_Problem to solve_
The answer should be an exact repeat of the stretch of material below from the line containing "Miley Cyrus apuesta" through the line containing "NWT Athleta navy conscious crop".
Exercise input Start Marker
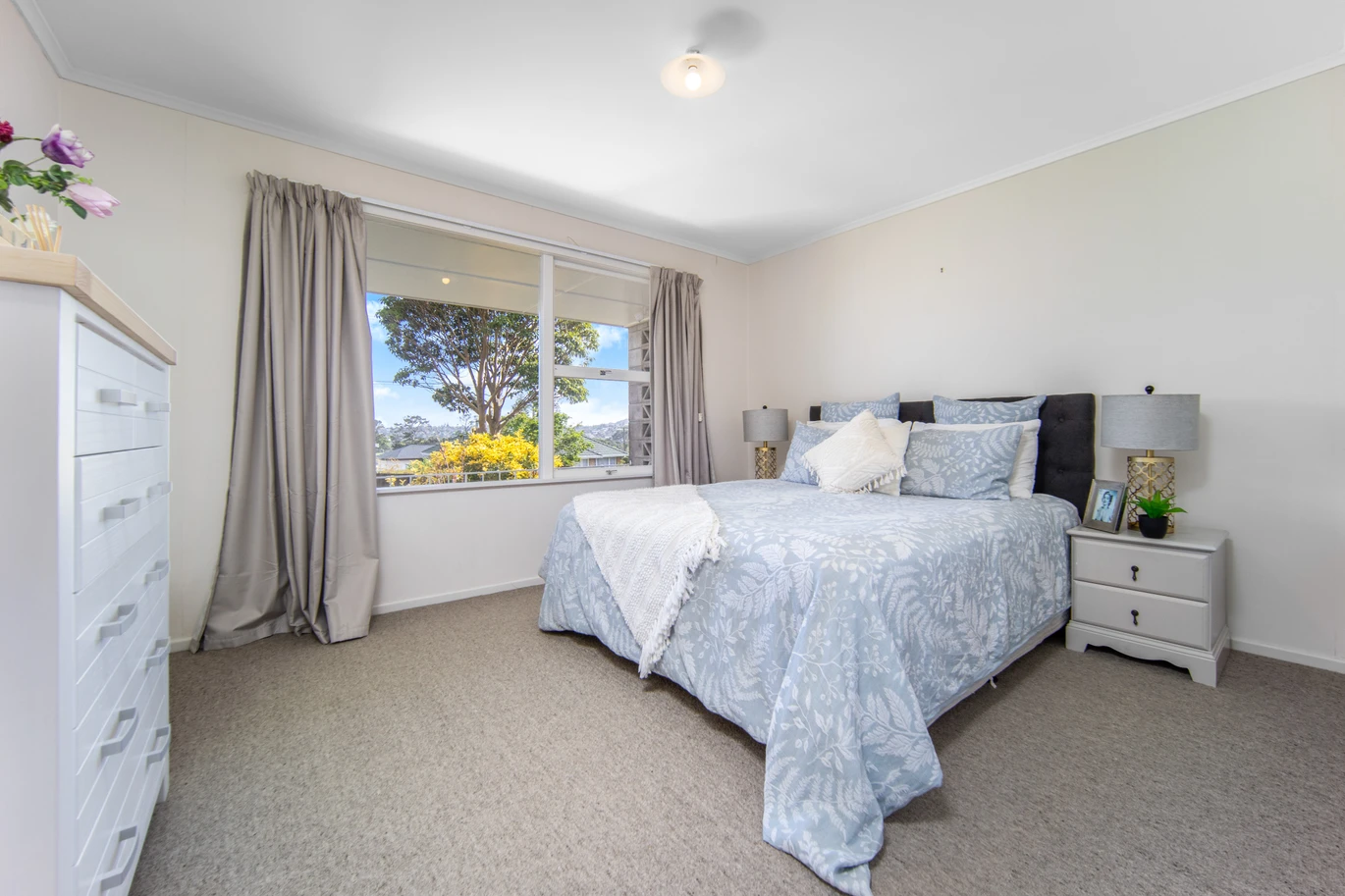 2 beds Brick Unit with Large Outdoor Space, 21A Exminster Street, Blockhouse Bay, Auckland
Exercise input End Marker
Exercise input Start Marker
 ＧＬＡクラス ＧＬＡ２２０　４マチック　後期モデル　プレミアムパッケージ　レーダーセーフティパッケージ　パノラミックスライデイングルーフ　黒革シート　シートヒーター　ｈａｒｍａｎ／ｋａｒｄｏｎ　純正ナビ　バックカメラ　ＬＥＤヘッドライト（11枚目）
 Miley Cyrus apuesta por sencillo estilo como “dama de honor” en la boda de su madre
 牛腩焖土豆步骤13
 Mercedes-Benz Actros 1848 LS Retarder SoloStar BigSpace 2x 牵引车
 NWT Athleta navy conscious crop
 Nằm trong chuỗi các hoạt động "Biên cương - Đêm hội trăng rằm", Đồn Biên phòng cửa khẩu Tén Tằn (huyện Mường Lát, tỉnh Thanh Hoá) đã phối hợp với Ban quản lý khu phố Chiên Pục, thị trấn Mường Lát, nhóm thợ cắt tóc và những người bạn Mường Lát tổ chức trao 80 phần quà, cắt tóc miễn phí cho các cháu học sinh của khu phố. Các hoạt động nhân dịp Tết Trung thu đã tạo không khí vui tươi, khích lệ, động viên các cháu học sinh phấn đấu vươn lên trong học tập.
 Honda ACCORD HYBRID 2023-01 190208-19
Exercise input End Marker
_Result of the task_
 Miley Cyrus apuesta por sencillo estilo como “dama de honor” en la boda de su madre
 牛腩焖土豆步骤13
 Mercedes-Benz Actros 1848 LS Retarder SoloStar BigSpace 2x 牵引车
 NWT Athleta navy conscious crop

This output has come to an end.